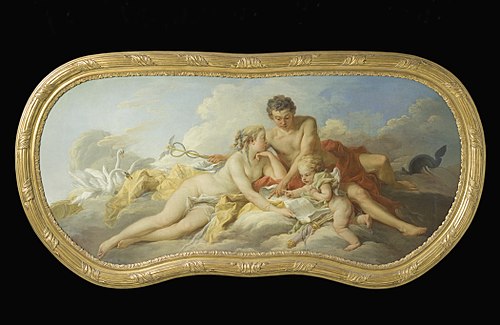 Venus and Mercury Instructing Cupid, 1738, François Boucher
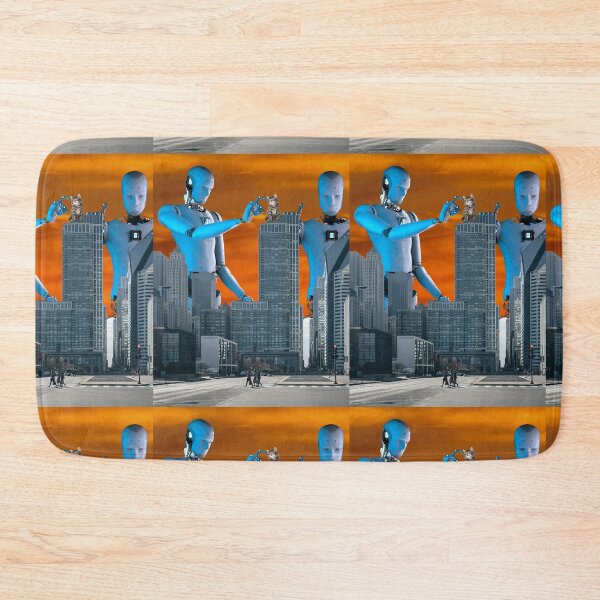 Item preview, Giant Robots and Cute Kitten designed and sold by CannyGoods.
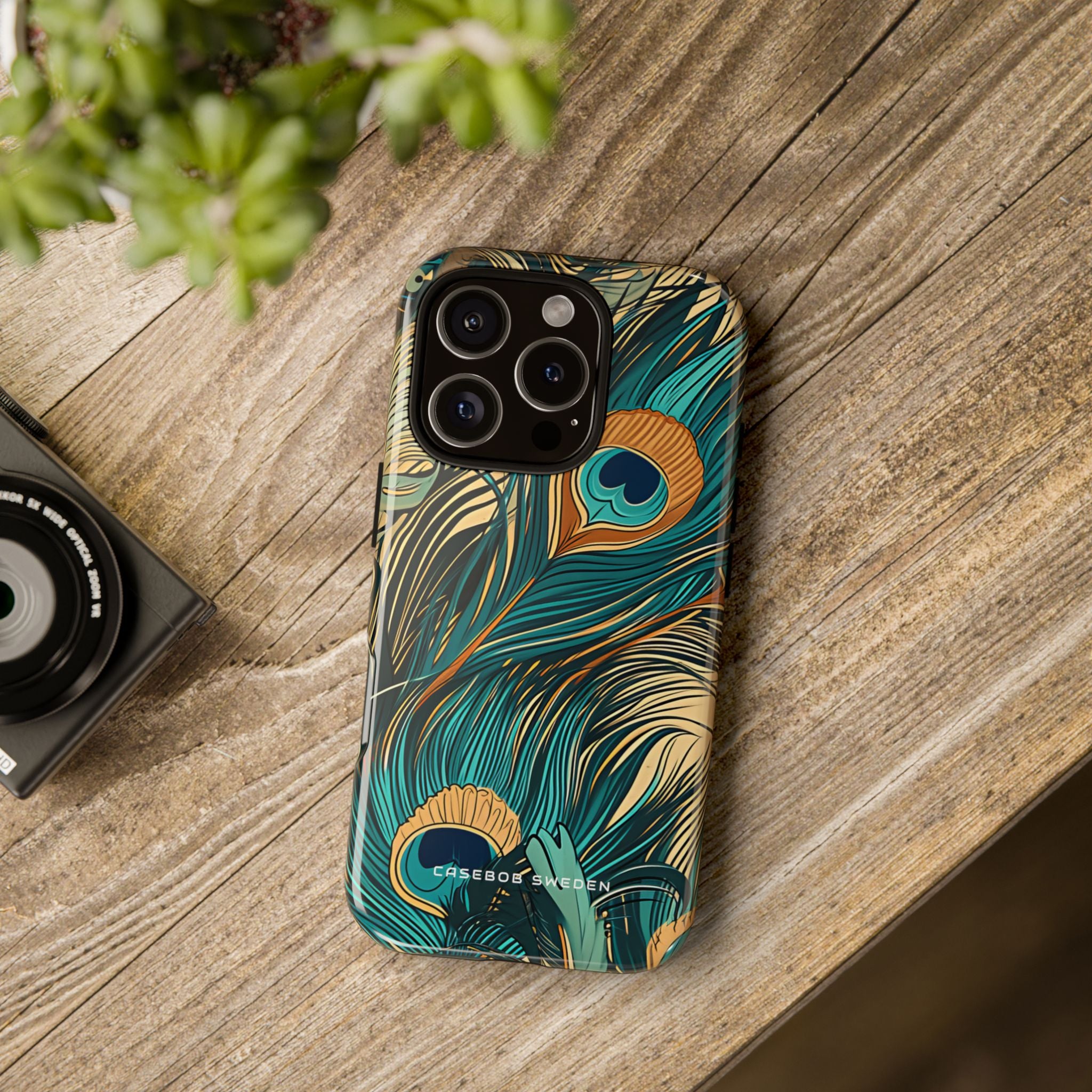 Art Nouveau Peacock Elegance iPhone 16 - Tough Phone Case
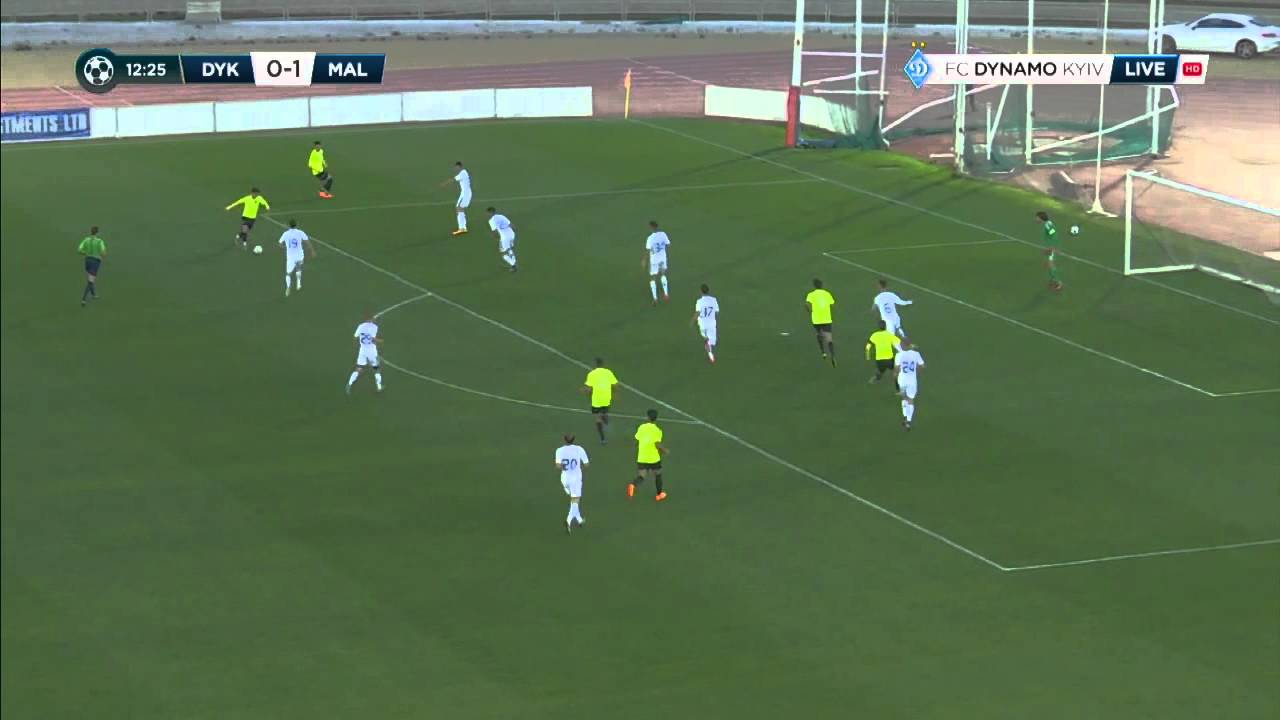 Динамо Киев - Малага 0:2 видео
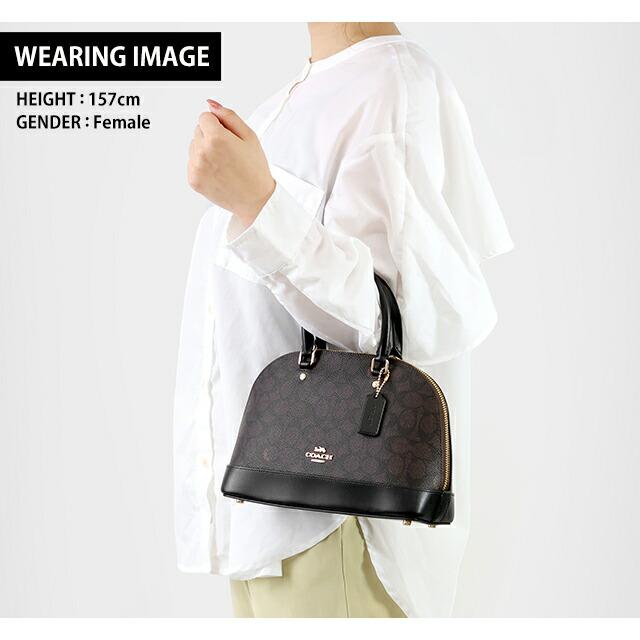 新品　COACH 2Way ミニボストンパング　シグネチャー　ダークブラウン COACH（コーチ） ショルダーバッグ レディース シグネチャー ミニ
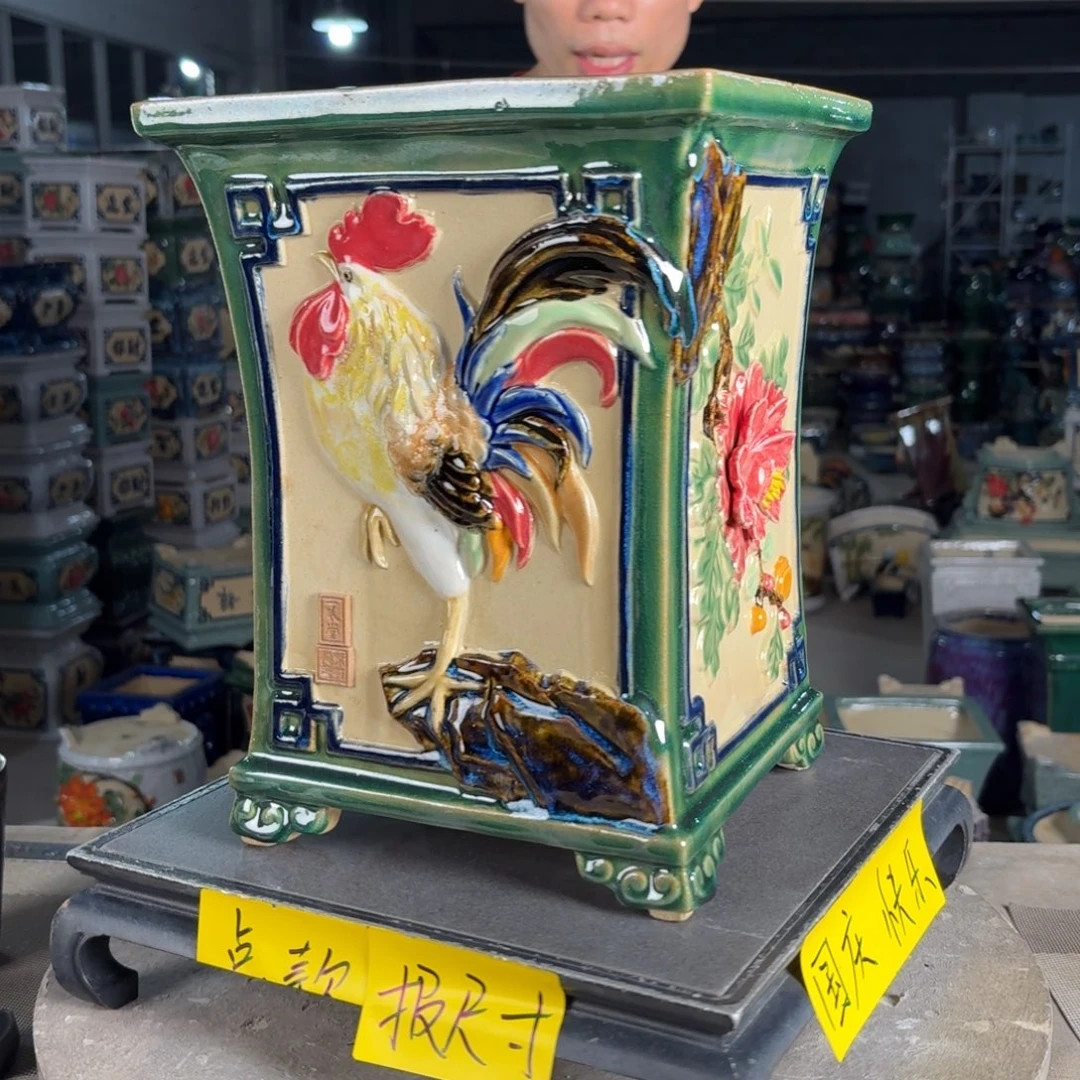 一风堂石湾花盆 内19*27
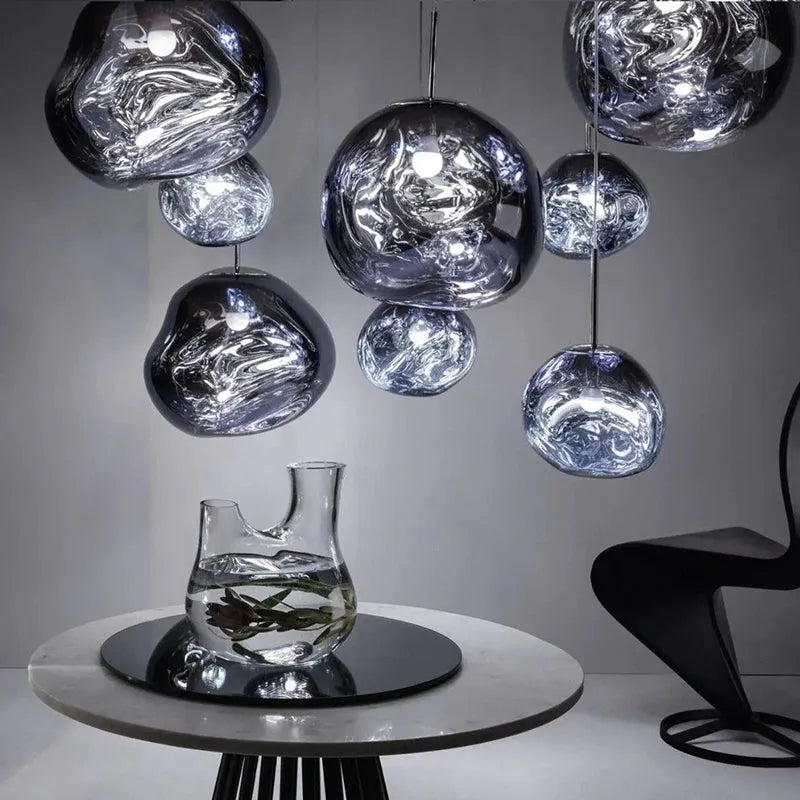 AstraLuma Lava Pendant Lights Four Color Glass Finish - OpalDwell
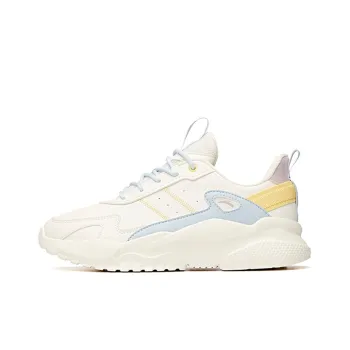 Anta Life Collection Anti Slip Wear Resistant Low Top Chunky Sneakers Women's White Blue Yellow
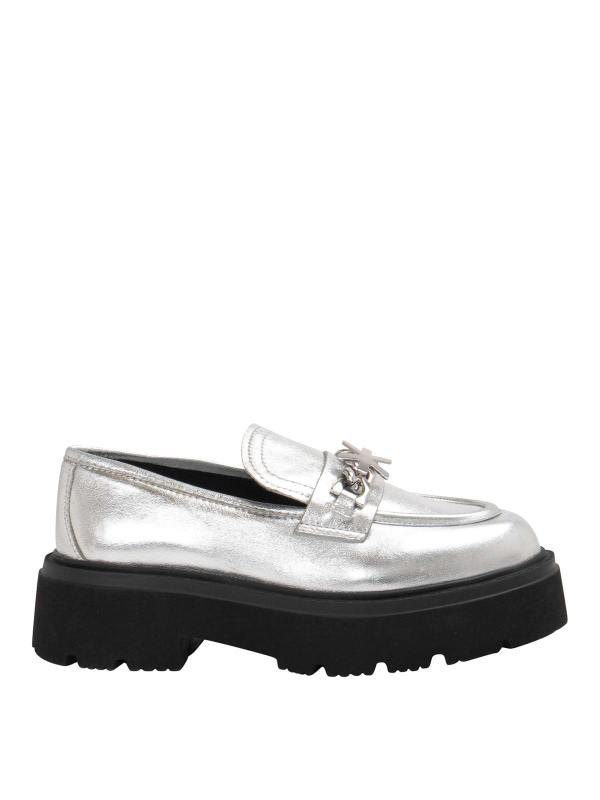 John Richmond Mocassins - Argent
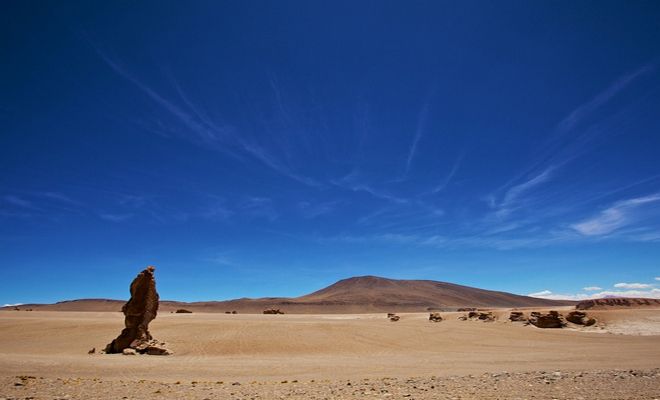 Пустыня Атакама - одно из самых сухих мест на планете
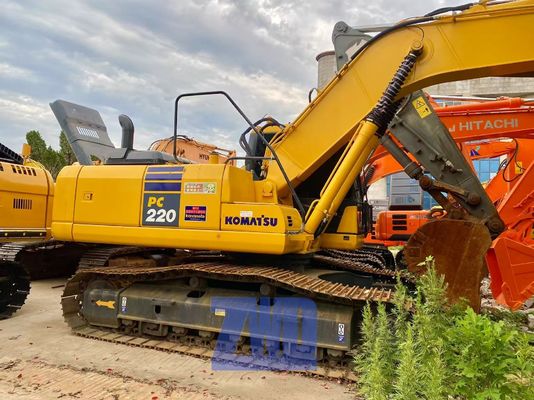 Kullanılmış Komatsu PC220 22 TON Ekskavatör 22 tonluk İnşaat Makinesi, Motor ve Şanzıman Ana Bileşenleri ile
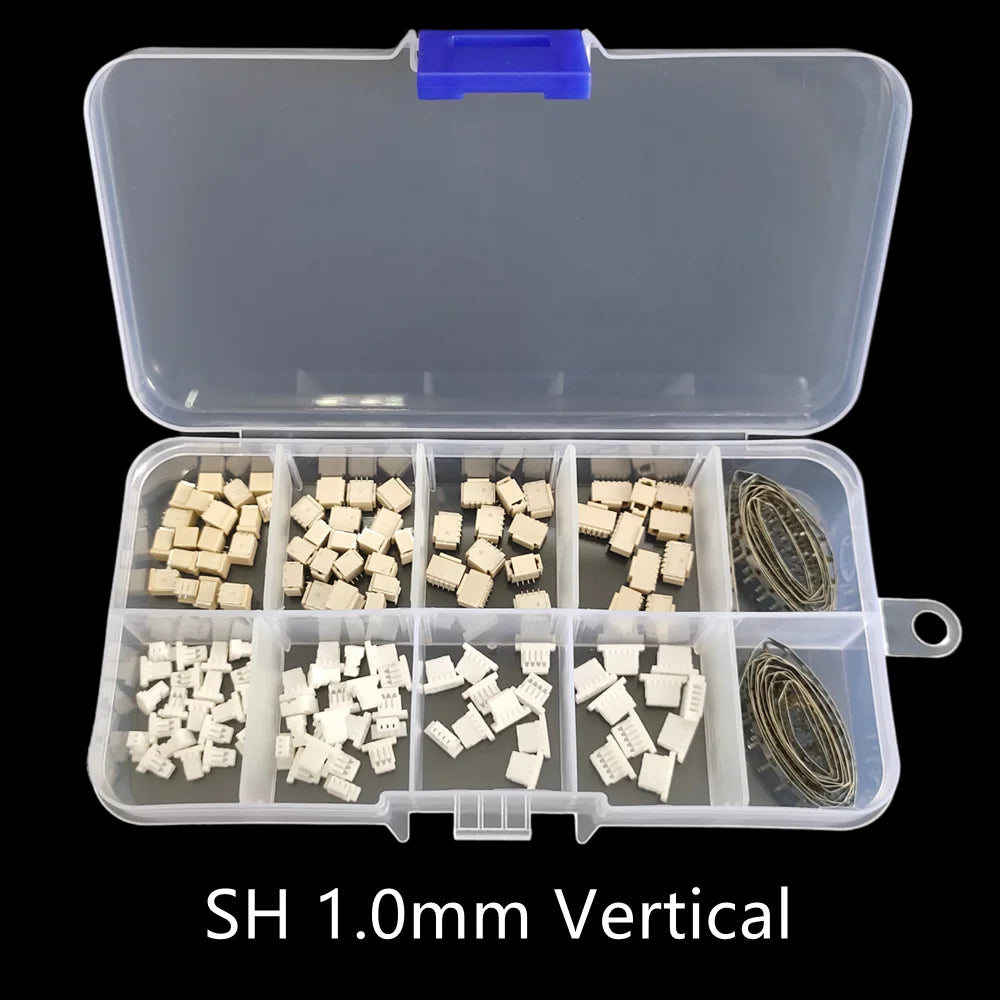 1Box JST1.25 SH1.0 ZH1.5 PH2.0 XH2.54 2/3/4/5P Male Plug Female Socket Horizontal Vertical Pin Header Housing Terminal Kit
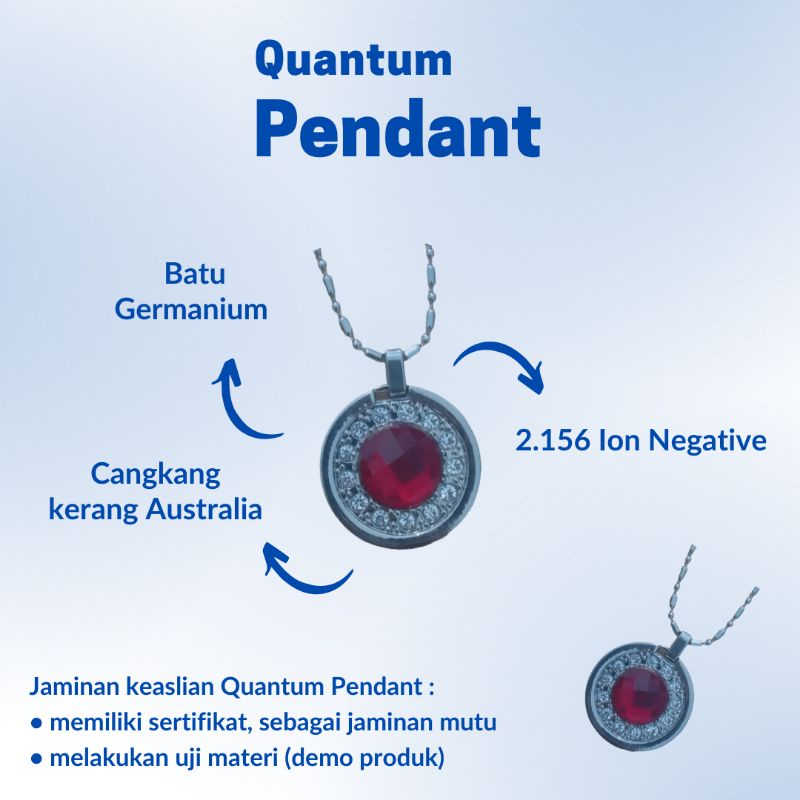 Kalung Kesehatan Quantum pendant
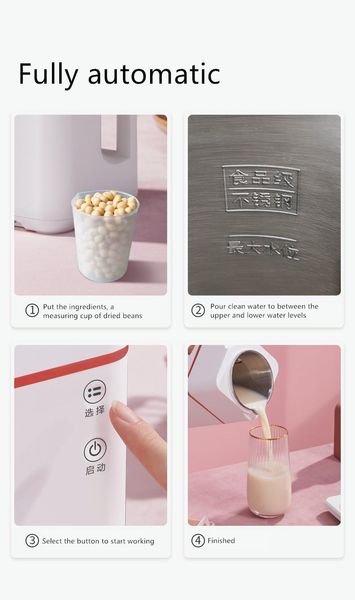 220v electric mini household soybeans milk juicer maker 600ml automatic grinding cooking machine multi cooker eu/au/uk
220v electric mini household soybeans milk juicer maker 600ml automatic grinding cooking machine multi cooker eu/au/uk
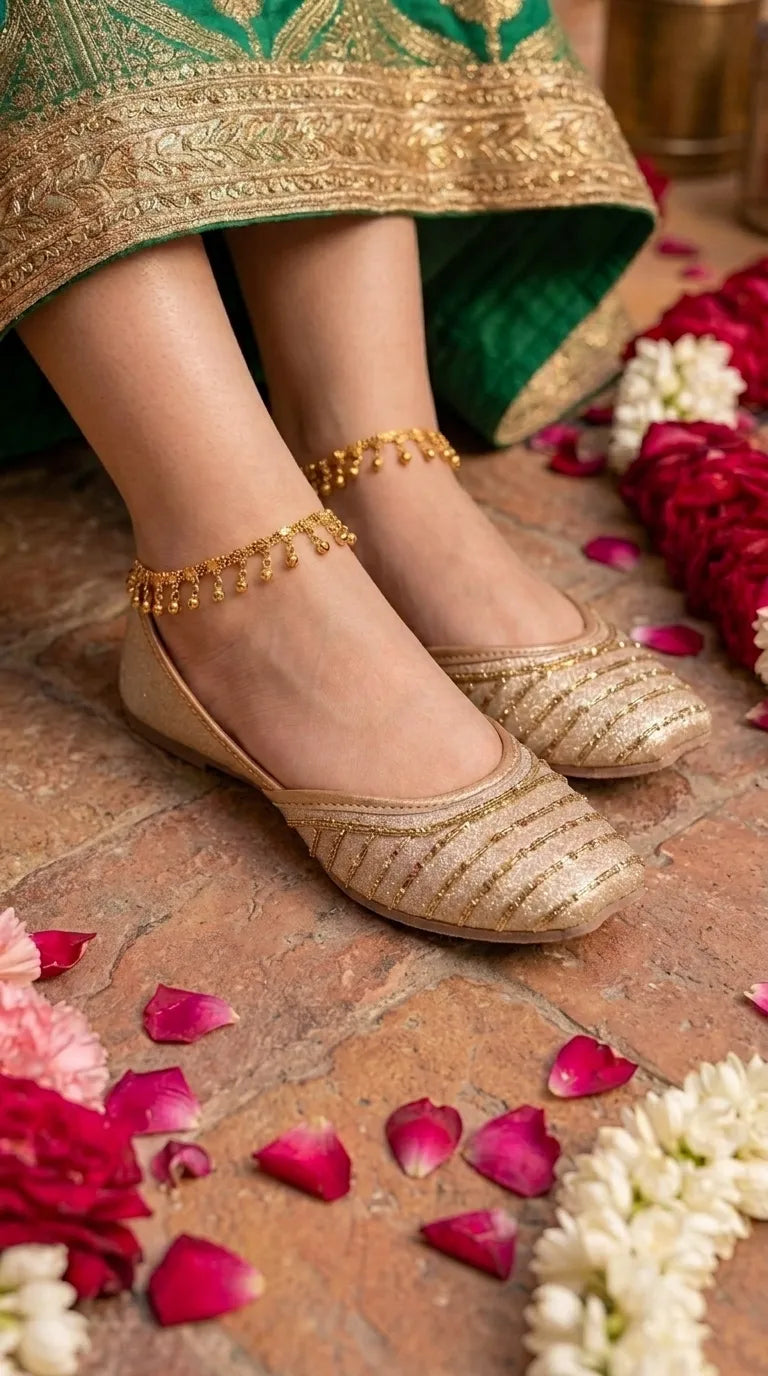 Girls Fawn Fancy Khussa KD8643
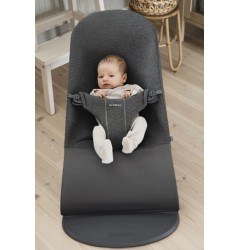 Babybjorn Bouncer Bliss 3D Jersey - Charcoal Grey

====================

Repeat every entry above exactly as written and omit any pictures it holds.

 Venus and Mercury Instructing Cupid, 1738, François Boucher
 Item preview, Giant Robots and Cute Kitten designed and sold by CannyGoods.
 Art Nouveau Peacock Elegance iPhone 16 - Tough Phone Case
 Динамо Киев - Малага 0:2 видео
 新品　COACH 2Way ミニボストンパング　シグネチャー　ダークブラウン COACH（コーチ） ショルダーバッグ レディース シグネチャー ミニ
 一风堂石湾花盆 内19*27
 AstraLuma Lava Pendant Lights Four Color Glass Finish - OpalDwell
 Anta Life Collection Anti Slip Wear Resistant Low Top Chunky Sneakers Women's White Blue Yellow
 John Richmond Mocassins - Argent
 Пустыня Атакама - одно из самых сухих мест на планете
 Kullanılmış Komatsu PC220 22 TON Ekskavatör 22 tonluk İnşaat Makinesi, Motor ve Şanzıman Ana Bileşenleri ile
 1Box JST1.25 SH1.0 ZH1.5 PH2.0 XH2.54 2/3/4/5P Male Plug Female Socket Horizontal Vertical Pin Header Housing Terminal Kit
 Kalung Kesehatan Quantum pendant
 220v electric mini household soybeans milk juicer maker 600ml automatic grinding cooking machine multi cooker eu/au/uk
220v electric mini household soybeans milk juicer maker 600ml automatic grinding cooking machine multi cooker eu/au/uk
 Girls Fawn Fancy Khussa KD8643
 Babybjorn Bouncer Bliss 3D Jersey - Charcoal Grey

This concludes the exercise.